The policy would probably add tens of thousands of new green-card holders each year. The numbers could rise if universities see the program as an enticement to help lure more graduate students from overseas.

The foreign-worker piece of the immigration debate has been one of the thorniest for the eight senators, who are trying to reach a full agreement among themselves by Friday. Staffers will then take the next two weeks to draft a bill.

People familiar with the talks said the group has agreed to a citizenship plan that would immediately legalize millions of undocumented immigrants but would require certain expenditures on border security and internal enforcement before allowing people to gain a path to citizenship.

The Washington Post reported last week that the senators are planning to eliminate some categories of family visas to help clear a backlog of 4.3 million applications and to make it easier for some foreign workers to enter the country. Family members could still apply for visas but would need other qualifications, such as work skills and English proficiency, to increase their chances. Senate aides said no decisions have been finalized.

Democratic Sens. Mazie Hirono of Hawaii and Elizabeth Warren of Massachusetts cautioned in a letter Wednesday that the senators should maintain visas reserved for foreign brothers, sisters and married children of U.S. citizens.

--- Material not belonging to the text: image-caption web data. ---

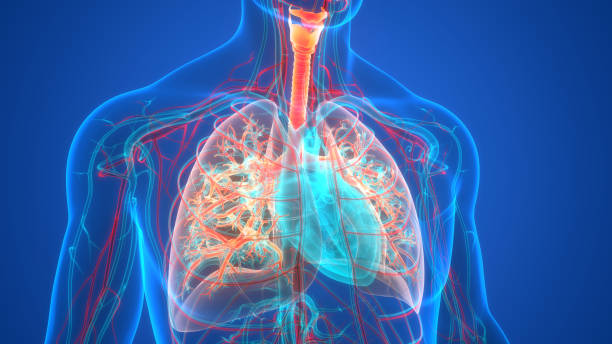人間の呼吸器の肺の解剖学 - human lung tuberculosis bacterium emphysema human trachea ストックフォトと画像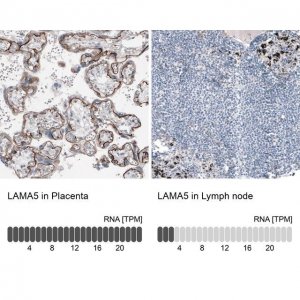 Monoclonal Anti-LAMA5 antibody produced in mouse 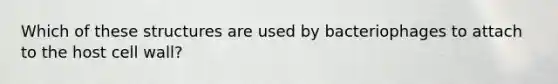 Which of these structures are used by bacteriophages to attach to the host cell wall?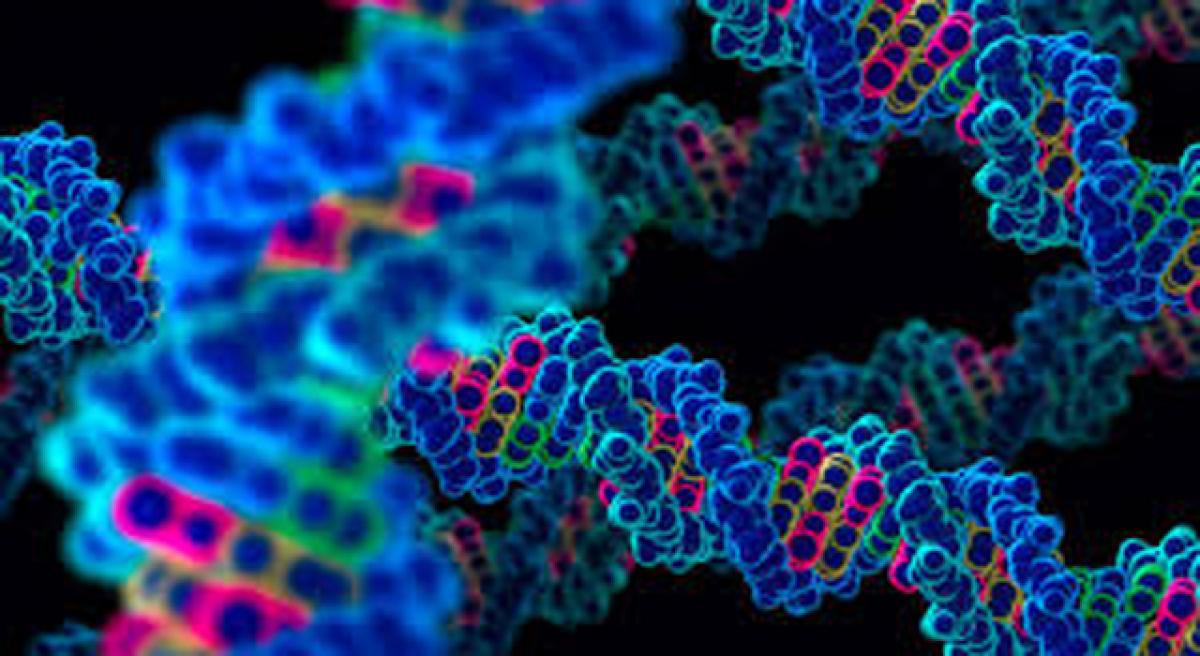Genes linked to intellectual disability identified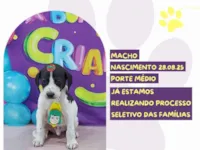 Cachorro raça SRD-ViraLata idade 2 a 6 meses nome Eros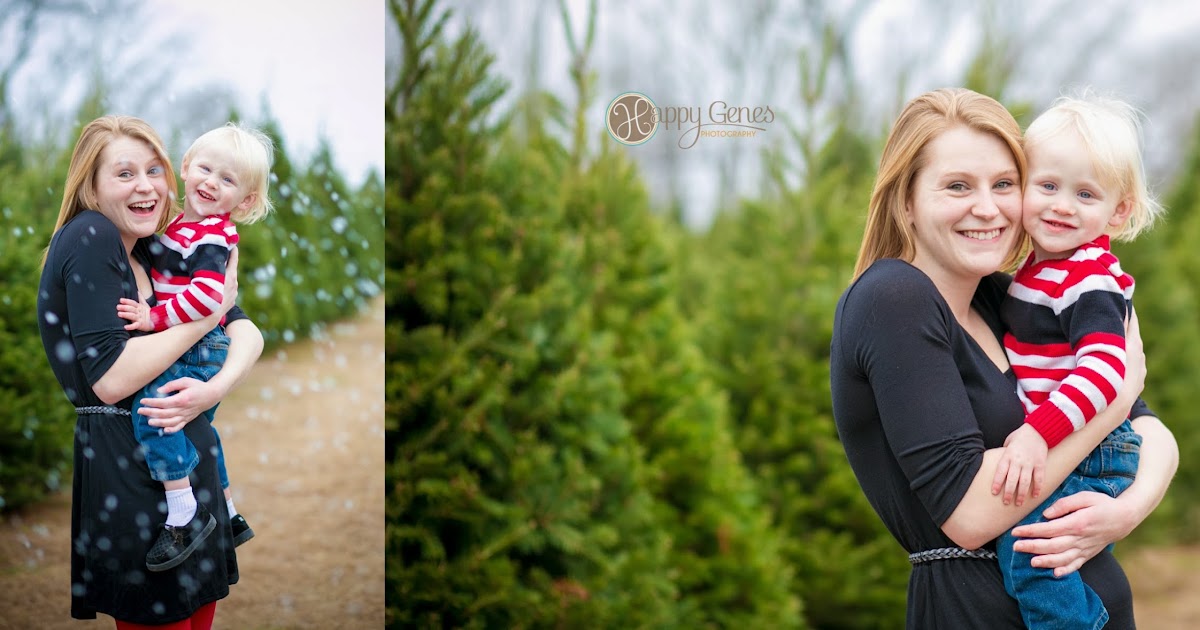 happy genes delaware christmas tree farm brooklyn bronx happy genes delaware christmas tree farm brooklyn bronx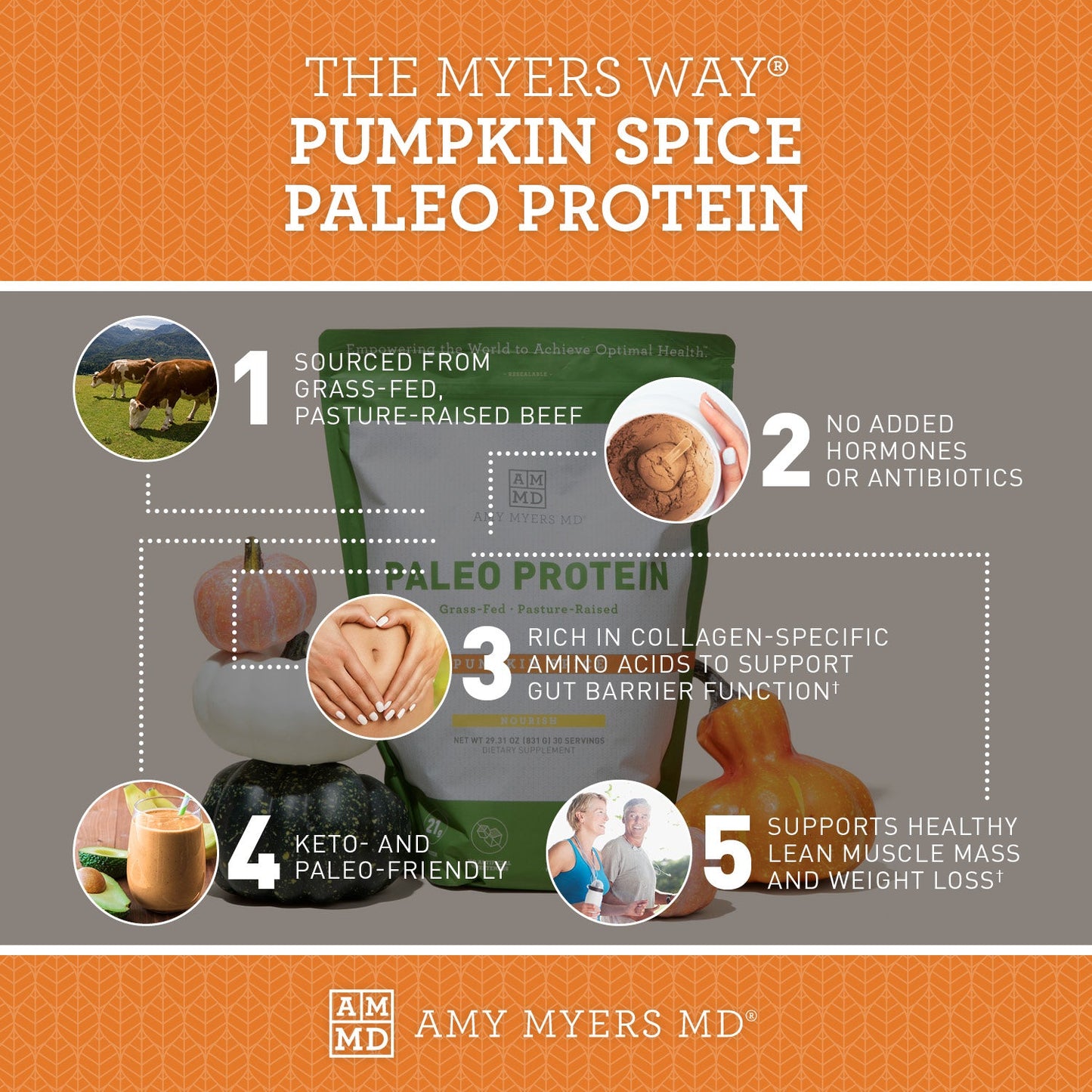 Paleo Protein - Pumpkin Spice by Amy Myers MD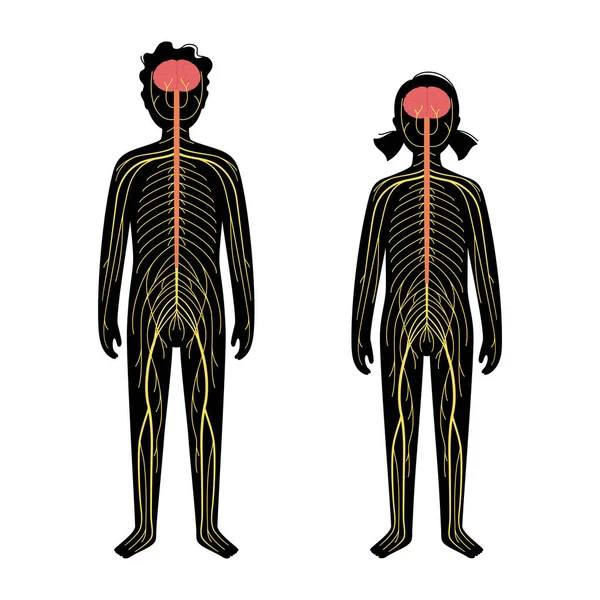 Sistema nervioso humano — Archivo Imágenes Vectoriales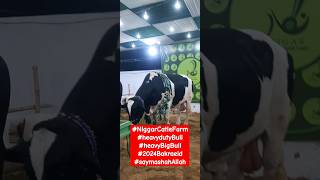 Heavy Bull 😍 2024 Bakra Eid #youtubeshorts #ytshorts #shorts #cowmandi #bakraeid #2024eid #viral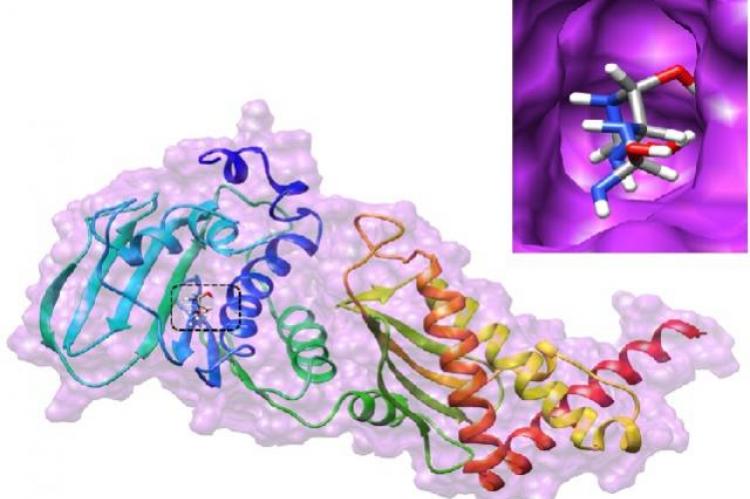 Natural compound (Allantoin) docked with bacterial drug target for DNA gyrase II (PDB ID: 5I3J) protein-ligand interactions A) 3D Pymol view B) 2D maestro view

“This is very troubling,” Hirono and Warren wrote. “Different types of family members can play an important role in each other’s lives, and for some Americans a brother or sister is the only family they have.”

The expansion of the H1B program would follow years of criticism and allegations of abuse. Though it was long viewed as a model program intended to help bring much-needed and highly trained engineers and other professionals to fill gaps in the U.S. workforce, critics have begun to refer to it as the “outsourcing visa.”

These critics say that companies commonly use the visa to bring employees from India to work in the United States for up to three years, train them and then return them to India to continue the same work, often for a U.S. company buying the services from a contractor.

A 2011 report by the Government Accountability Office found that 54 percent of H1B workers were hired at the lowest of four wage levels.

Sen. Charles Grassley, an Iowa Republican, a longtime critic of the H1B program, this week reintroduced legislation he and Durbin have sponsored that seeks to rein in what they see as abuses — suggesting that lawmakers will seek to influence the tech-backed measures in the bipartisan agreement when it begins to move through Congress later this spring.